Most Filipino dishes can be labour-intensive, but adobo—done the traditional way—is simple. You can mix all the ingredients and leave it unattended and covered to cook over a slow fire. Once your chores are done, you’ll have a good meal.
I became fascinated with adobo when I turned 14. My father had died, and during his wake someone other than my mother prepared our meals. We had chicken adobo, but lo and behold, this time it was different, unlike the dark-sauced adobo that my mother usually prepared. This adobo dish had a fascinating amber colour, and the sauce had strips of ginger root.
I was quite enamoured with food, even at a young age, and so I didn’t hesitate. I dug in…and in, and in. It was delicious! For some unfathomable reason, it gave me a great deal of comfort during that sad and confusing time. Not wanting to appear like a callous daughter, I didn’t ask my mother why that dish was also called adobo. Still, I wondered: why wasn’t it dark? My interest had definitely been piqued.
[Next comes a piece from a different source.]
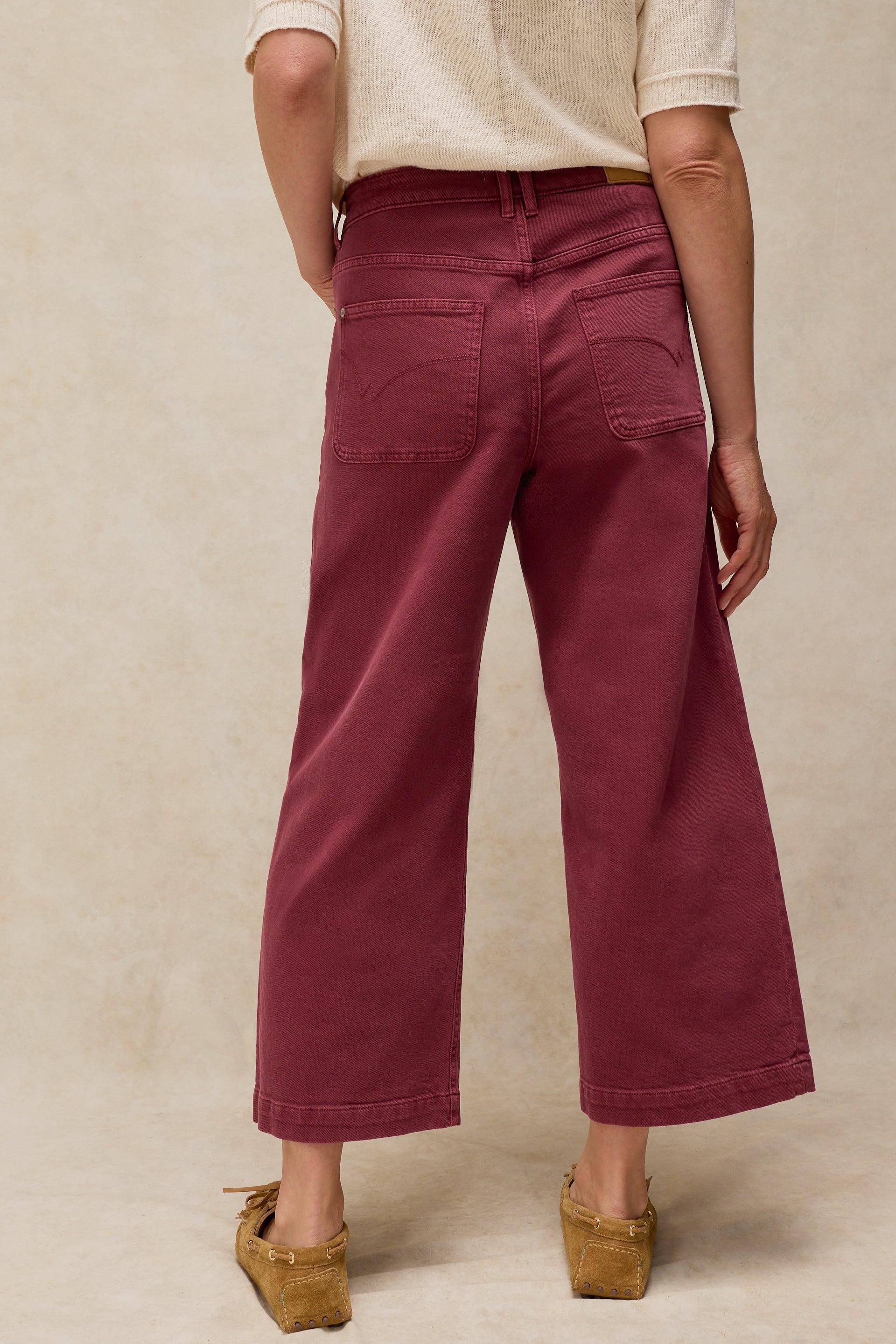 Rear view of a woman wearing burgundy wide-leg organic cotton jeans and a white shirt against a neutral background.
Later, I found it’s possible to cook adobo without soy sauce (coarse rock salt is supposed to do the trick, and this version is called adobong puti, or white adobo), and that it was yellow ginger that gave the unforgettable adobo that I had tasted its distinctive amber tinge. To this day, I still remember the piquant taste of that adobo. Sadly, I have never been able to duplicate it or known anyone who could.
As I got older and more exposed to other people’s cooking and cuisine, I realized that there are countless ways of cooking adobo and that, in fact, adobo is a dish full of personal, familial and national meaning.
Adobo is often called the national dish of the Philippines, although some food historians have contested this claim; others also insist adobo is not a dish, but a way of cooking—a view that hasn’t really struck a chord with many Filipinos. The late Filipino academic and venerated food historian Doreen Fernandez has argued that sinigang (sour soup with meat or fish and vegetables) should be the Philippine national dish, since it is “the most representative of Filipino taste.” Sinigang is a soup dish that can include either pork, beef, fish, prawns and any local vegetable; it is boiled with tamarind, green mango, guava, tomatoes or kamias (belimbing besu, to Indonesians), resulting in a sour broth. Others add a green long finger chili (siling haba) to give the dish some spice.
And yet, the idea of adobo as food that is authentically Filipino persists, largely because in recent history, millions of Filipinos in diaspora have embraced it as part of their identity.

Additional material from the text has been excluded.